Why physical discipline reduced in the Christchurch study

There were numerous stories about how a study has shown physical discipline has reduced from 77% to 42% of parents in the last 15 years. But those stories missed a key aspect, which Thomas Lumley points out:

There’s a new research paper out from the Christchurch Health and Development Study, which recruited a group of people when they were born, in mid-1977, and has been following them ever since.  Those of the participants who were parents have been asked about physical discipline of their children on four occasions: when they were 25, 30, 35 and 40.  Obviously, over time, the number who are parents has increased (from about 150 to over 600), and the children have (on average) gotten older — when the parents were 25, most of the kids would have been pre-school; the group now includes a few very young children but many who are teenagers.
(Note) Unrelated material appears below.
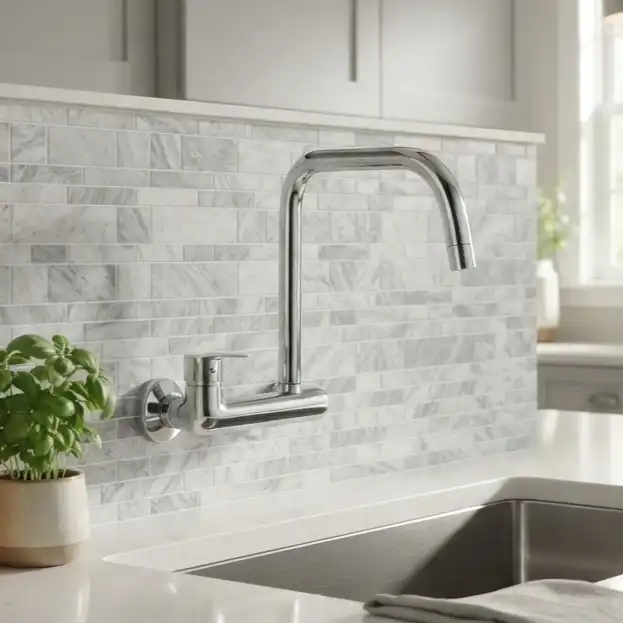 Sink Mixer Single Lever (Semi square) M: 053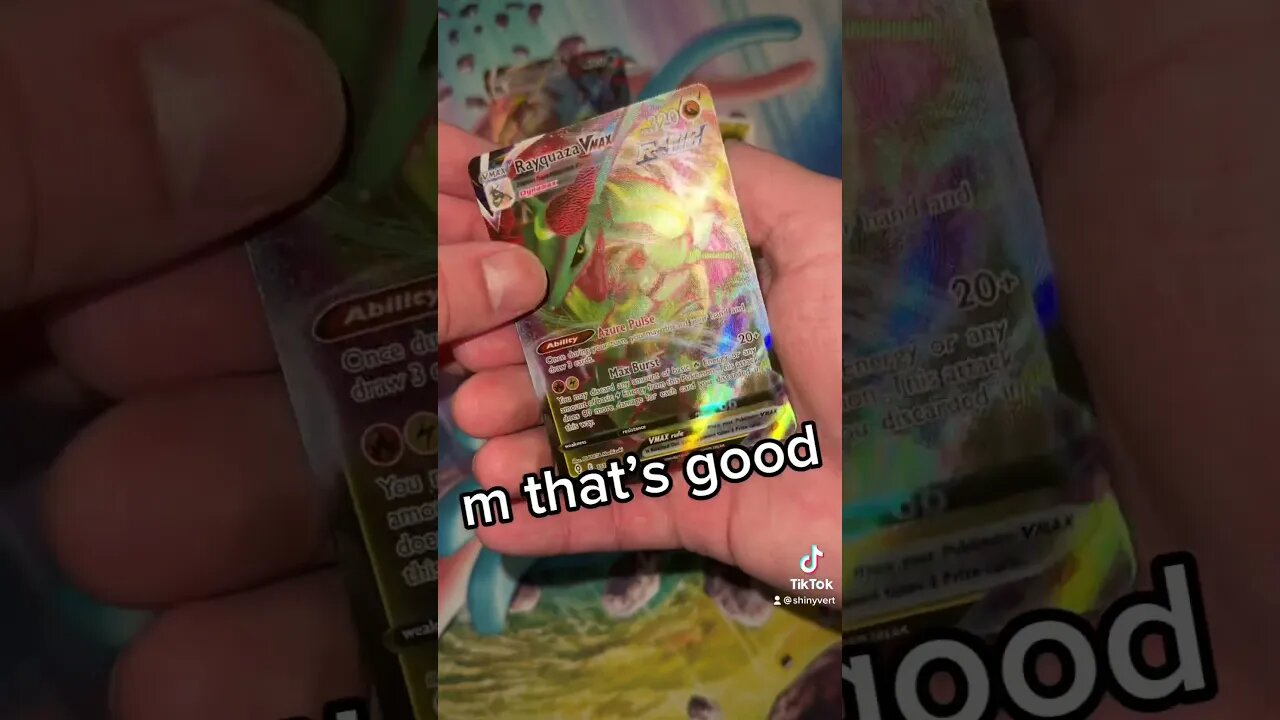 Pokémon VMAX GOD PACK Opening 😳🔥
The impact of children getting older is likely to be hugely influential. A US study found physical discipline was used on only 35% of infants but 94% of three and four year olds and then declines from age five onwards.

The good feature of birth cohorts like the Christchurch study is that you get to see the same people throughout the course of their lives; the bad feature is that at any given time everyone is exactly the same age.  In statistician jargon, age is completely confounded with period: you are completely unable to distinguish effects of ageing from time trends. When you see that the proportion of parents reporting hitting their kids has gone down from 77% to 42% over the 15 years, you can’t tell, at all, whether this is an effect of these specific parents getting older and more experienced or an effect of parents in general being less likely to hit their kids.  It’s hard (though not impossible) even to tell if it’s an effect of the kids being older.

What would be useful would be to break the data down by age of child. I suspect that would account for much if not most of the reported decrease.